Police are now playing down word of a possible sighting of two missing children in Idaho, CBS' Teri Okita reports.

The two youngsters went missing from the home where their mother, brother and a family friend were murdered.

Among the hundreds of tips coming in, a pawn shop owner in northern Idaho
called authorities to say two children that looked just like 8-year-old Shasta and 9-year-old Dylan Groene were in his shop.

They reportedly were with a tall man, who asked directions to a town in Montana. Before police arrived, the man and the two children jumped in a light-colored van with Washington plates and sped away.

"That appears to be phasing out now ... the description is not quite right," said Kootenai County, Idaho, Sheriff Rocky Watson.
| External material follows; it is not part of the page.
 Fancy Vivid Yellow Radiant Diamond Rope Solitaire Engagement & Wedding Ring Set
"It is definitely a parent's worst nightmare," Steve Groene, the children's father, said Friday morning on CBS News' The Early Show. "Compounding the fact that I have one child dead, I have two missing. And it's been sheer agony. Everybody feels so helpless."

An Amber Alert was issued Tuesday for Dylan and Shasta.
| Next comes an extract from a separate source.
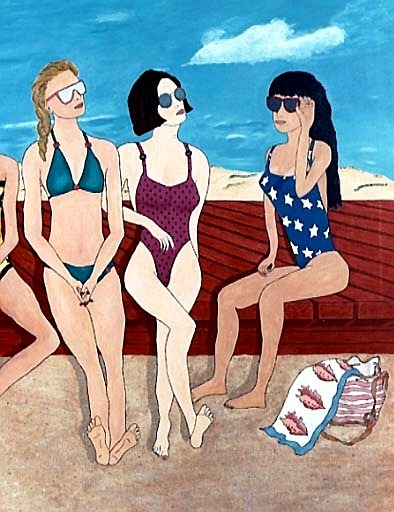 Three of the Nine Ccensored Girls at the Beach in Connecticut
"They are innocent children," said their father. "They don't need to be harmed."

Groene said he had no idea who the tall man described in the pawn shop might be, nor did he even know Robert Roy Lutner, 33, who was ruled out as a suspect Thursday after an interview with investigators.

The concrete worker voluntarily took and passed a polygraph test during a seven-hour interview with investigators. Lutner said he saw the three alive when he attended a "barbecue-type get-together" Sunday night at the family's rural home less than 24 hours before the bodies were found.

He remained in custody Thursday on a probation violation warrant unrelated to the slayings and child disappearances, authorities said.

Lutner was the last known visitor to the house where the victims, Brenda Kay Groene, 40; her 13-year-old son, Slade Vincent Groene; and her boyfriend, Mark McKenzie, 37, were discovered.

County Coroner Dr. Robert West said the three were bludgeoned to death. He would not say when they died or what kind of weapon was used. Authorities previously had said the victims were had been bound.

There was no sign of forced entry at the house, Sheriff's Capt. Ben Wolfinger said.

The search of the immediate area is nearly done.

"We had over 200 searchers yesterday that combed this area again. We're done with the actual ground search," Wolfinger told Early Show co-anchor René Syler. "Our divers will be back today to check the stream a little bit downstream from the residence, as well as some small ponds."

Nearly $70,000 has been contributed to a reward fund to help find the youngsters, reports CBS News Correspondent Stephan Kaufman.

Wolfinger urged anyone who attended the Sunday gathering to contact the sheriff's office.